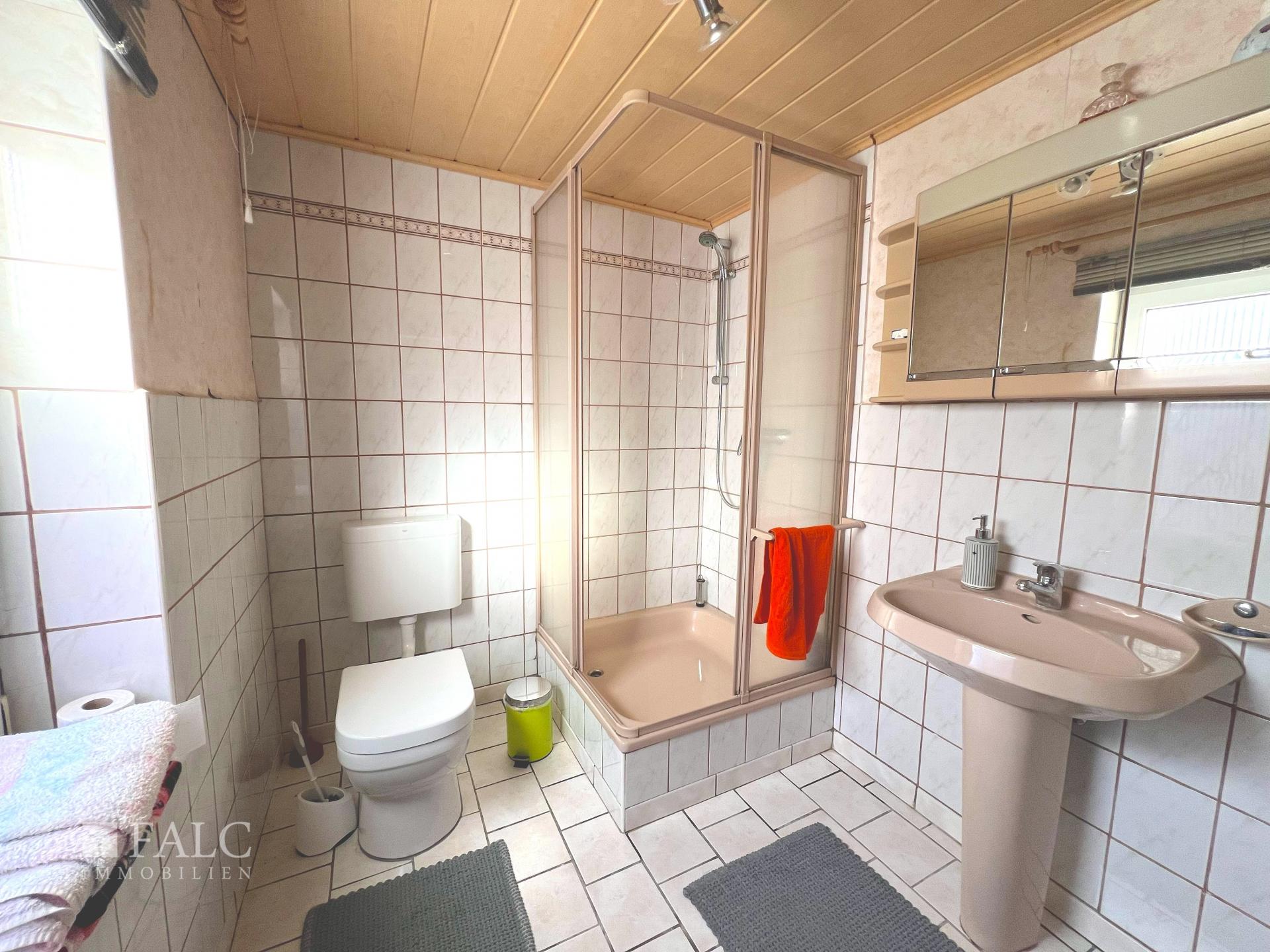 Badezimmer mit Dusche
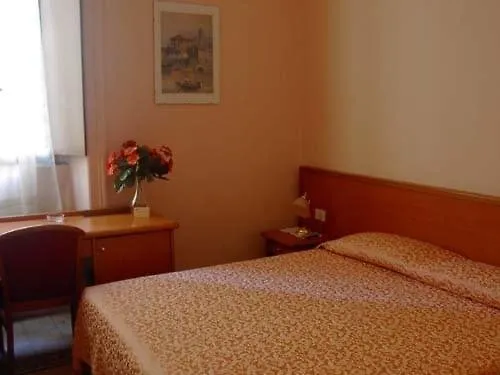 Emanuela Hostel Róma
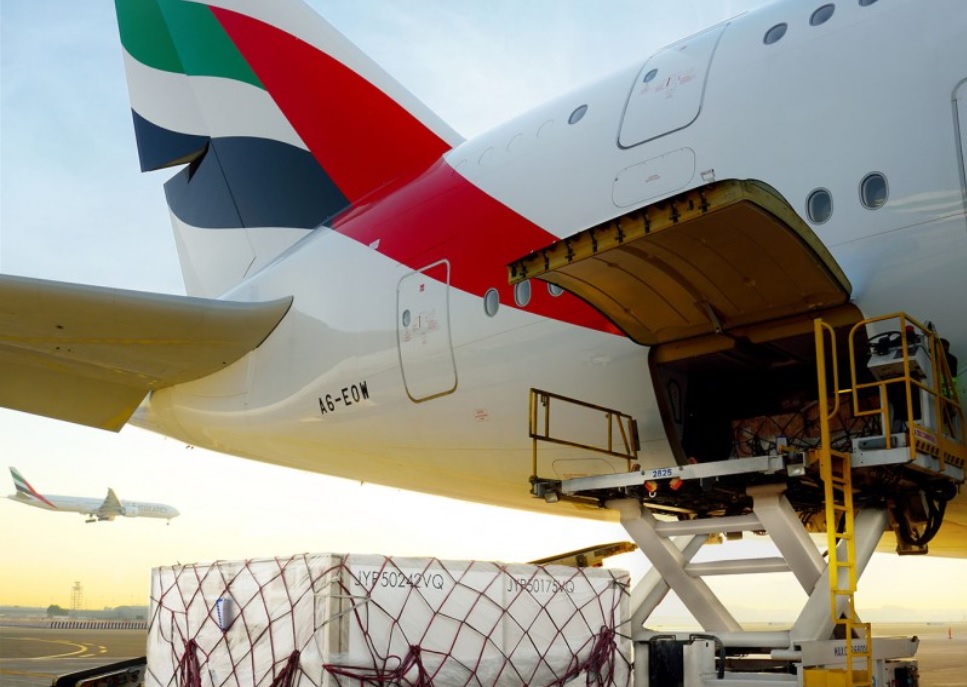 Avião Airbus A380 Emirates Cargueiro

• _Work instructions_
Write out the whole listing exactly. Pictures stay out.

• _Answer to this problem_
 Badezimmer mit Dusche
 Emanuela Hostel Róma
 Avião Airbus A380 Emirates Cargueiro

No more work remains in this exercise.